Sosa, etc. v. Safeway Premium Fin. Co., etc.
This appeal arose from a motion for class certification filed in the trial court by petitioner where petitioner claimed that respondent violated sections 627.840(3)(b) and 627.835, Florida Statutes, by knowingly overcharging him an additional service charge of $20 twice in a twelve month period in two premium finance agreements which he entered into with respondent. At issue was whether the putative class members satisfied the requirements of commonality and predominance needed for class certification under Florida Rule of Civil Procedure 1.220. The court held that the Third District's decision was incorrect because it afforded no deference to the trial court's actual factual findings and conducted a de novo review which constituted error where the proper appellate standard of review for a grant of class certification was abuse of discretion. The court also held that the Third District incorrectly addressed whether petition satisfied section 627.835's "knowingly" requirement and incorrectly held that petitioner and the putative class members failed to satisfy rule 1.220's commonality and predominance requirements. Therefore, the court held that the Third District created conflict with Olen Properties Corp. v. Moss and Smith v. Glen Cove Apartments Condominiums Master Ass'n. Accordingly, the court quashed the Third District's judgment.

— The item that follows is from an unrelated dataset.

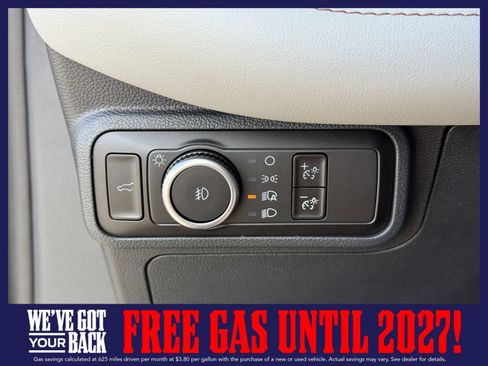 New 2026 Ford Explorer Active w/ Active Comfort Package RWD image 24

Frappier v. Countrywide Home Loans, Inc.
Plaintiff obtained a mortgage in 1999 and refinanced four times over six years, each time pulling out more equity. The last refinancing and a mortgage obtained for a new house, (the first house was for sale), were based on documents inaccurately describing plaintiff's income and position. Plaintiff, who claimed to be unaware of the inaccurate information, defaulted on payments. The district court rejected his suit, alleging a violation of Mass. Gen. Laws ch. 93A (unfair or deceptive practices), unjust enrichment, a violation of the implied covenant of good faith and fair dealing, negligence, and entitlement to rescission of the loan and an injunction ordering the removal of the loan from his credit history. The First Circuit affirmed dismissal of the covenant claim relating to one loan, the negligence claim, and the rescission/equitable relief claim, but vacated dismissal of the other claims. Whether plaintiff or the loan officer deliberately falsified the loan application and whether default was foreseeable are questions of fact suitable for trial.

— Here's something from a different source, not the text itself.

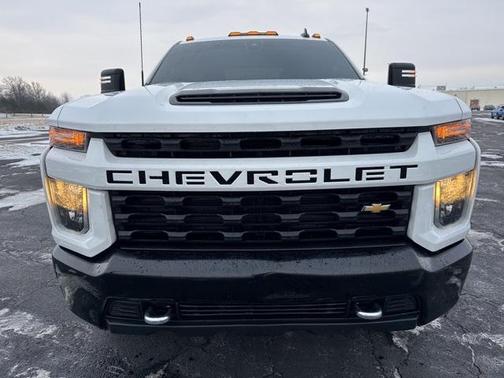 2022 Chevrolet Silverado 2500 Custom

NML Capital, Ltd. et al. v. The Republic of Argentina
The Republic of Argentina and interested non-party-appellant, Banco Central de la Republica Argentina (BCRA), appealed from orders of the district court to attach funds held in BCRA's account at the Federal Reserve Bank of New York (FRBNY) on the theory that, pursuant to First National City Bank v. Banco Para El Comercio Exterior de Cuba (Bancec), those funds were attachable interests of the Republic. At issue was whether sovereign immunity for central bank property "held for its own account" pursuant to the Foreign Sovereign Immunities Act, 28 U.S.C. 1611(b)(1), depended upon a presumption of the central bank's independence under Bancec, and the proper definition of central bank property "held for its own account" under section 1611(b)(1). The court held that because BCRA's sovereign immunity over the FRBNY funds had not been waived and the FRBNY funds were property of BCRA held for its own account under section 1611(b)(1), the FRBNY funds were immune from attachment and restraint. Therefore, the court held that the district court erred in concluding that it had subject-matter jurisdiction to adjudicate a suit for attachment and restraint for the FRBNY funds. Accordingly, the court vacated and remanded for further proceedings.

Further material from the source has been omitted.